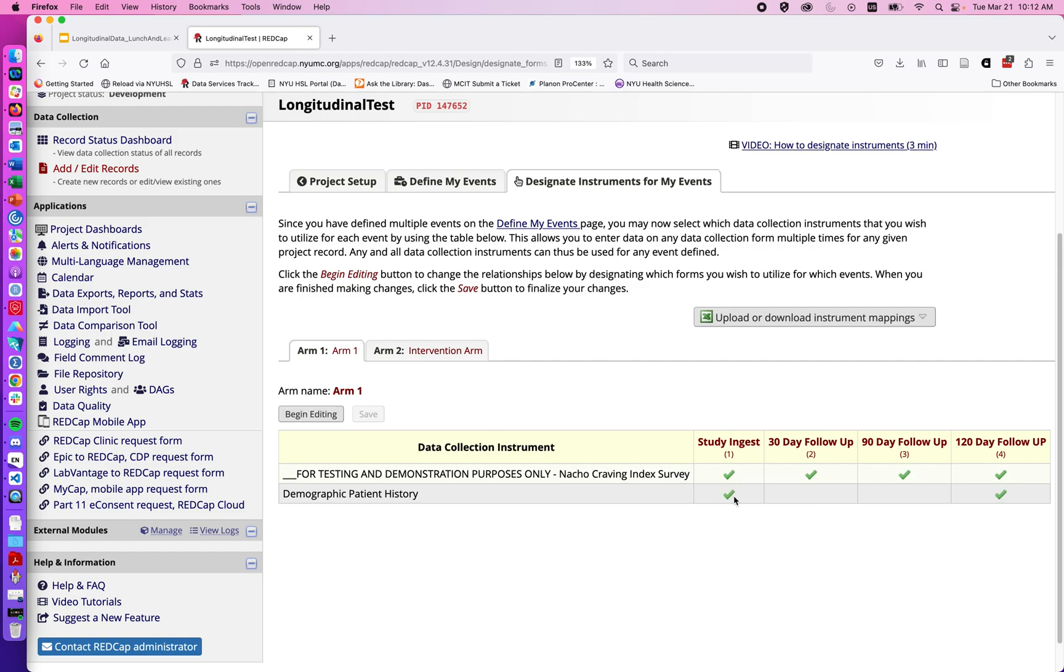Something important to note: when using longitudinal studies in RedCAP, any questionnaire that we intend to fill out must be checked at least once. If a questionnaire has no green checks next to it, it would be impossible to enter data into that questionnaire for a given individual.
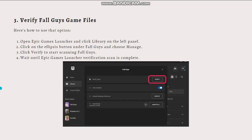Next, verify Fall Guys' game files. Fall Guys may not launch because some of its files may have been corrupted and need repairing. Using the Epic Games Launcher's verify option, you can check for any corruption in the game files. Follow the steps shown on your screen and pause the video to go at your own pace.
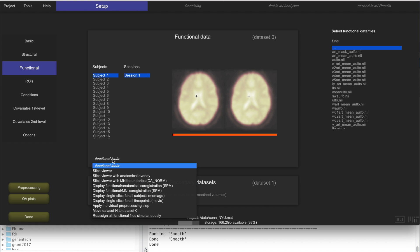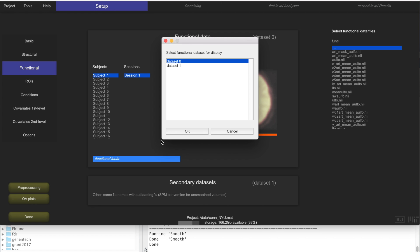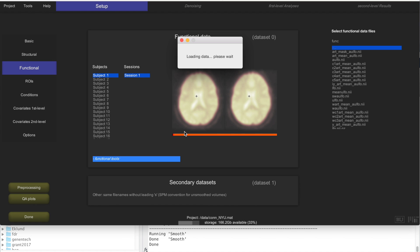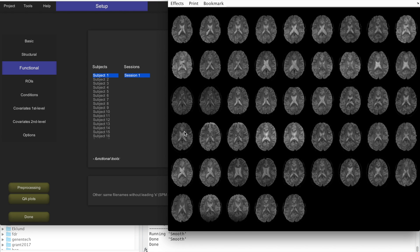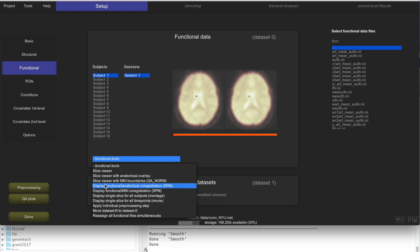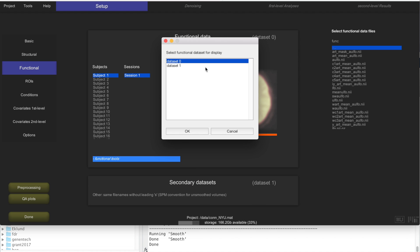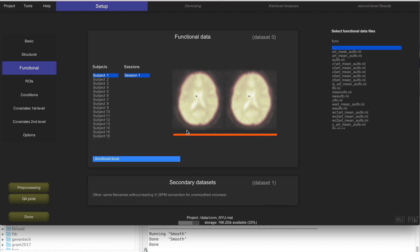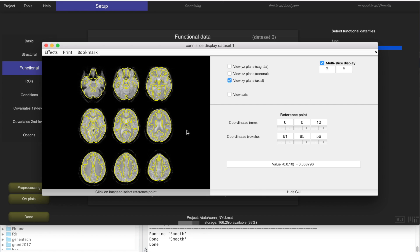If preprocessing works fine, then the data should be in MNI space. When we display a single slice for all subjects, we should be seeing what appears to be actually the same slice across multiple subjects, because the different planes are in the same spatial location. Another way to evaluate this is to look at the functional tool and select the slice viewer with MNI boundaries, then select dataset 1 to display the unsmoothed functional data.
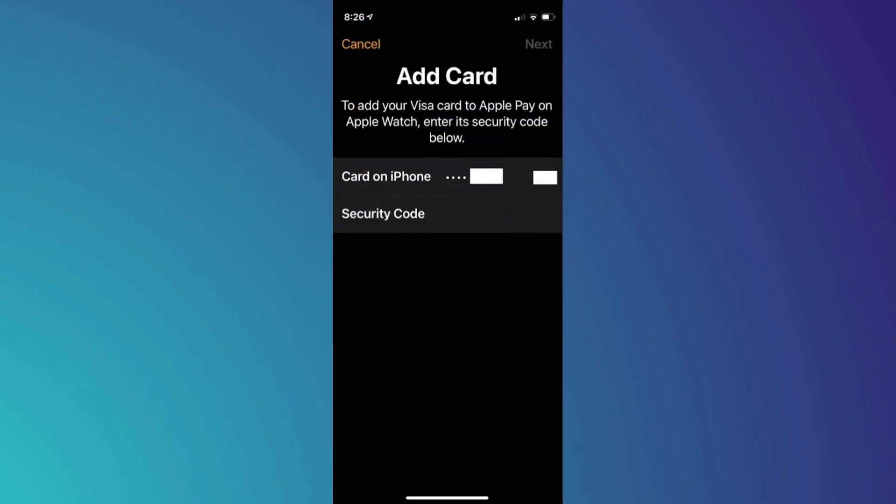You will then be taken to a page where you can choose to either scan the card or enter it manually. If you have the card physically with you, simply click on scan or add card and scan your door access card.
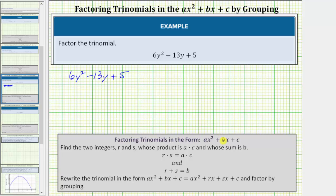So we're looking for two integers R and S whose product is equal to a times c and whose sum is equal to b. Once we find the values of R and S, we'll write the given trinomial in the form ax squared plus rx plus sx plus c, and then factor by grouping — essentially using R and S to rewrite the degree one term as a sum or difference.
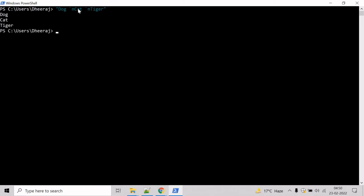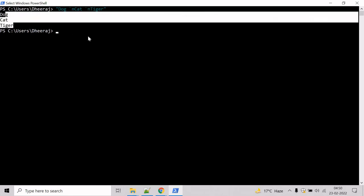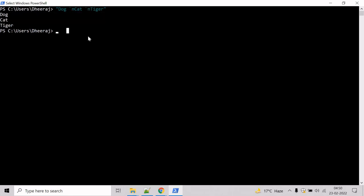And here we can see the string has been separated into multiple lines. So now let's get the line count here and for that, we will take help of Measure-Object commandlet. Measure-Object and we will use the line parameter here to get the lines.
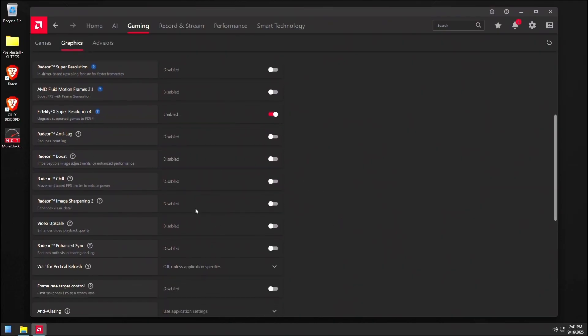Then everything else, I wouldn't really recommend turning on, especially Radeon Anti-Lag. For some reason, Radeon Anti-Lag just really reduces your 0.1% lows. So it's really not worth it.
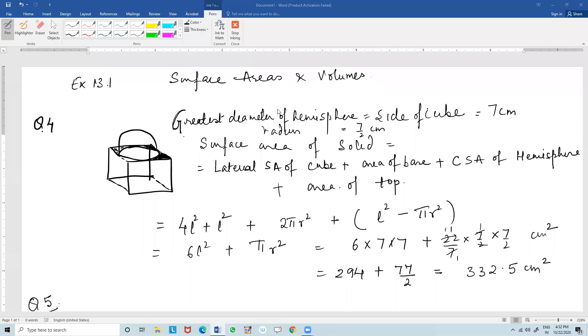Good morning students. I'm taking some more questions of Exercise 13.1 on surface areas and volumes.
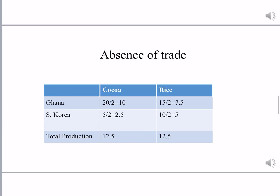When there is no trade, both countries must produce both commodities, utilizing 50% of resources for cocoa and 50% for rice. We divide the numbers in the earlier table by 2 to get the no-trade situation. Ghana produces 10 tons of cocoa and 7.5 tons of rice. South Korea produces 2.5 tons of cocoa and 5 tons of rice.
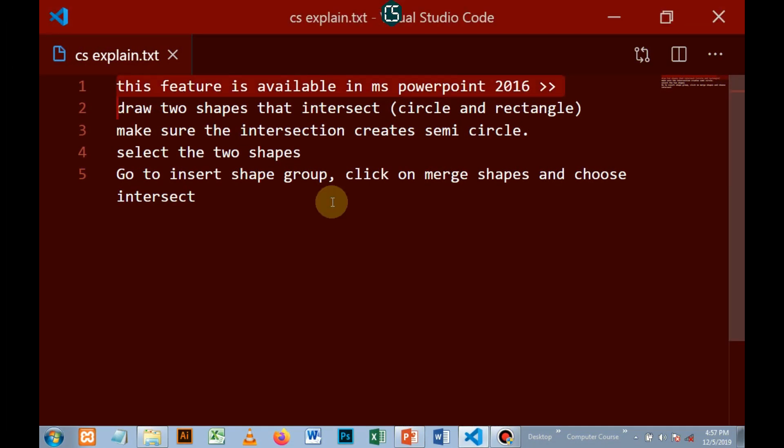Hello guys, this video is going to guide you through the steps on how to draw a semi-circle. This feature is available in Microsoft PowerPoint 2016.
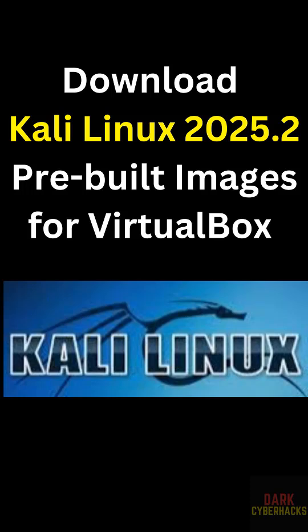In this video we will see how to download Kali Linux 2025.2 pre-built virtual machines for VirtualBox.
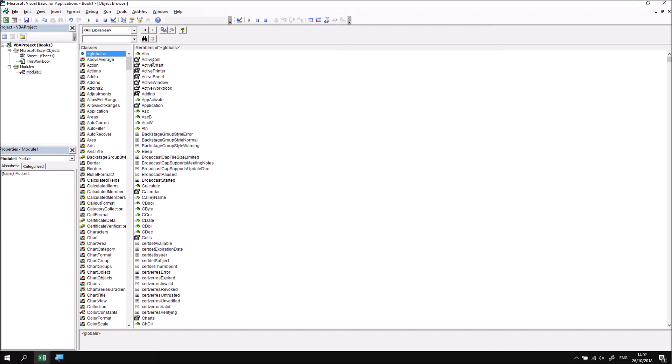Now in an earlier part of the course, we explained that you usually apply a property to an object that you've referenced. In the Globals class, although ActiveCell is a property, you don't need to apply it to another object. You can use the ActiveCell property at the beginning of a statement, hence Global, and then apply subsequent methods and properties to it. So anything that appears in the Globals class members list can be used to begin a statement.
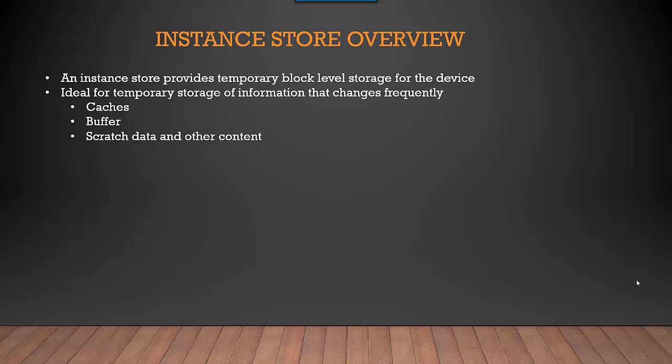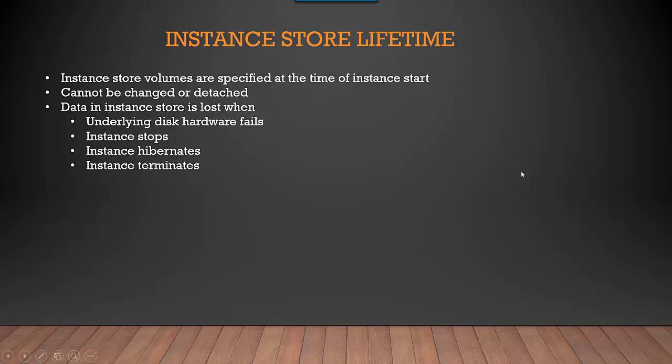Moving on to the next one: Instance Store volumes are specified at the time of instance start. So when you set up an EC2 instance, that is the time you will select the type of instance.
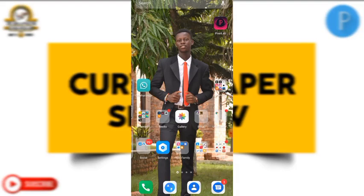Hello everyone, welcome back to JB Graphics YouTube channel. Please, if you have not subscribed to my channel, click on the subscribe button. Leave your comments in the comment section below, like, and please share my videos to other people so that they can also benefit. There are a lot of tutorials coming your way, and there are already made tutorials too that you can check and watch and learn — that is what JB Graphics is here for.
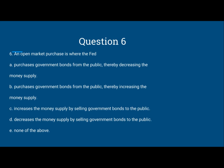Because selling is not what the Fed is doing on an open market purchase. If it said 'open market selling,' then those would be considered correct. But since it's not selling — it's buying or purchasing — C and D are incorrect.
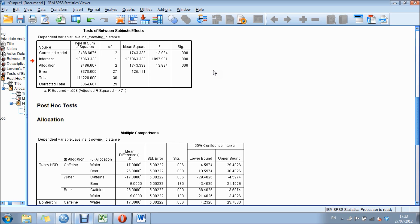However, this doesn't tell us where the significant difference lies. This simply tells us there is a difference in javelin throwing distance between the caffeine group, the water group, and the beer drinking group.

• [Task instructions]:
Using the records above, print exactly the lines between the ones containing "If preprocessing works" and "You will then", inclusive, and nothing else; no pictures.

• [Response to this task]:
If preprocessing works fine, then the data should be in MNI space. When we display a single slice for all subjects, we should be seeing what appears to be actually the same slice across multiple subjects, because the different planes are in the same spatial location. Another way to evaluate this is to look at the functional tool and select the slice viewer with MNI boundaries, then select dataset 1 to display the unsmoothed functional data.
You will then be taken to a page where you can choose to either scan the card or enter it manually. If you have the card physically with you, simply click on scan or add card and scan your door access card.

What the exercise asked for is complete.